Case ID: cl-ct_1/html/1380-01.html
Source: Caselaw Access Project
Author: {"author": "COWEN, Senior Circuit Judge.", "license": "Public Domain", "url": "https://static.case.law/"}
Date Created: 2024-08-24T03:29:51.129683

JOHN T. BRADY & COMPANY, Appellee, v. The UNITED STATES, Appellant.
    No. 173-80C.
    United States Court of Appeals, Federal Circuit.
    Nov. 18, 1982.
    
      Francis J. Sailer, Washington, D.C., argued for U.S. With him on the briefs was Asst. Atty. Gen. J. Paul McGrath, Washington, D.C.

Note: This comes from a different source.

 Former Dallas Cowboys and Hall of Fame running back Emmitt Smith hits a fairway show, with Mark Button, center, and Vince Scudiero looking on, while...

    Lester M.A. Gulitz, New York City, argued for appellee. With him on the briefs were Tunstead, Schechter & Torre, Michael S. Torre, New York City, and Marvin Schechter, Forest Hills, N.Y.
    Before RICH, Circuit Judge, COWEN, Senior Circuit Judge, and KASHIWA, Circuit Judge.

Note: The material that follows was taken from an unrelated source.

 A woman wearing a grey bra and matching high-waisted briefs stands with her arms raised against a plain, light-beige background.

   COWEN, Senior Circuit Judge.

The Government appeals from a judgment of the United States Claims Court which denied the parties’ cross-motions for summary judgment and ordered the case remanded to the Veterans Administration Contract Appeals Board (Board) for further proceedings consistent with the opinion of the trial judge. In a Wunderlich Act review, he held that the Board erroneously decided that appellee’s failure to request an exception to the Buy American Act at the time the bid was submitted precluded appellee’s right to have such a request considered after the contract was awarded. For the reasons to be set forth, we agree with the result reached by the court below and affirm its order remanding the case to the Board for further proceedings.

I. The Facts and Prior Proceedings.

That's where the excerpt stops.